2015-02-24 Thread Peter Kurrasch
I think focusing on the trusted root store as a way to resolve this problem is 
(or will be) less than ideal.‎ I understand the desire to look there but I 
don't think it will necessarily end well.

That said I don't have a great alternative myself but I do have some questions:

1) I saw a quote attributed to Richard that Mozilla will blacklist or is 
considering ‎blacklisting the cert(s) generated by Superfish, Komodia, and so 
forth. Can you comment here at all, Richard?

2) Has any analysis been performed on the quality of the end certs generated 
by the Komodia proxy? Are there obvious oversights that could be checked or 
enforced within Mozilla? How much work would that involve?

3) Am I right to presume that affected users did not notice that those sites 
with EV certs no longer were showing a green address bar? that EV itself 
provided no protection in this situation?

4) In this situation any sites using HSTS provided no additional benefit but 
did cert pinning make a difference?

Thanks.

  Original Message  
From: Brian Smith
Sent: Tuesday, February 24, 2015 12:05 PM
To: Daniel Veditz
Cc: Matt Palmer; mozilla-dev-security-pol...@lists.mozilla.org
Subject: Re: Tightening up after the Lenovo and Comodo MITM certificates.

Daniel Veditz dved...@mozilla.com wrote:
 I don't think we can restrict it to add-ons since external programs like
 Superfish (and the Lenovo removal tool, for that matter) write directly
 into the NSS profile database. It would be a bunch of work for precisely
 zero win.

mozilla::pkix makes it so that you can ignore the NSS profile
database, if you wish to do so.

 Could we make the real and only root accepted by Firefox be a Mozilla
 root, which cross-signs all the built-in NSS roots as well as any
 corporate roots submitted via this kind of program?

This is effectively what the built-in roots module already does,
except the Mozilla root CA certificate is implied instead of explicit.

 I thought pkix gave us those kinds of abilities.

mozilla::pkix offers a lot of flexibility in terms of how certificate
trust is determined.

 Or we could reject any added root that wasn't logged in CT, and then put
 a scanner on the logs looking for self-signed CA=true certs. Of course
 that puts the logs in the crosshairs for spam and DOS attacks.

Those spam and DoS attacks are why logs are specified (required?
recommended?) to not accept those certificates.

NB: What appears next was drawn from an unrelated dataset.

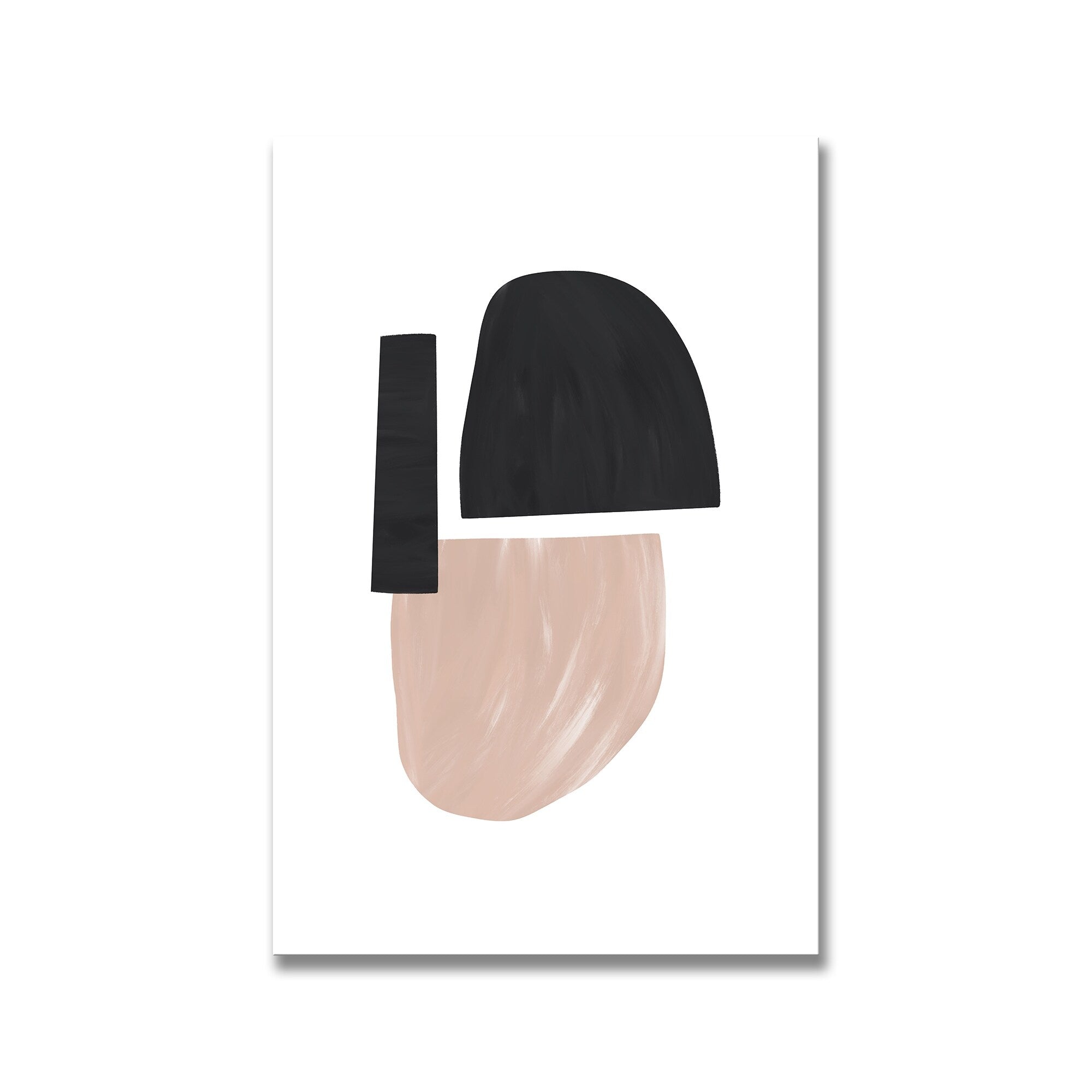 Black and Nude Abstract Shapes Framed Wall Art Print - Modern Home Decor for Living Room, Bedroom & Office - Uplusmestudio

If Mozilla wanted to, it is totally possible to make an extension API
that allows an extension, when it is not disabled, to provide PSM with
a list of roots that should be accepted as trust anchors. And, it is
totally possible for PSM to aggregate those lists of
extension-provided trust anchors and use that list, in conjunction
with the read-only built-in roots module, to determine certificate
trust, while ignoring the read/write profile certificate database.

Whether or not that is a good idea is not for me to decide. But, it
would not be a huge amount of work to implement.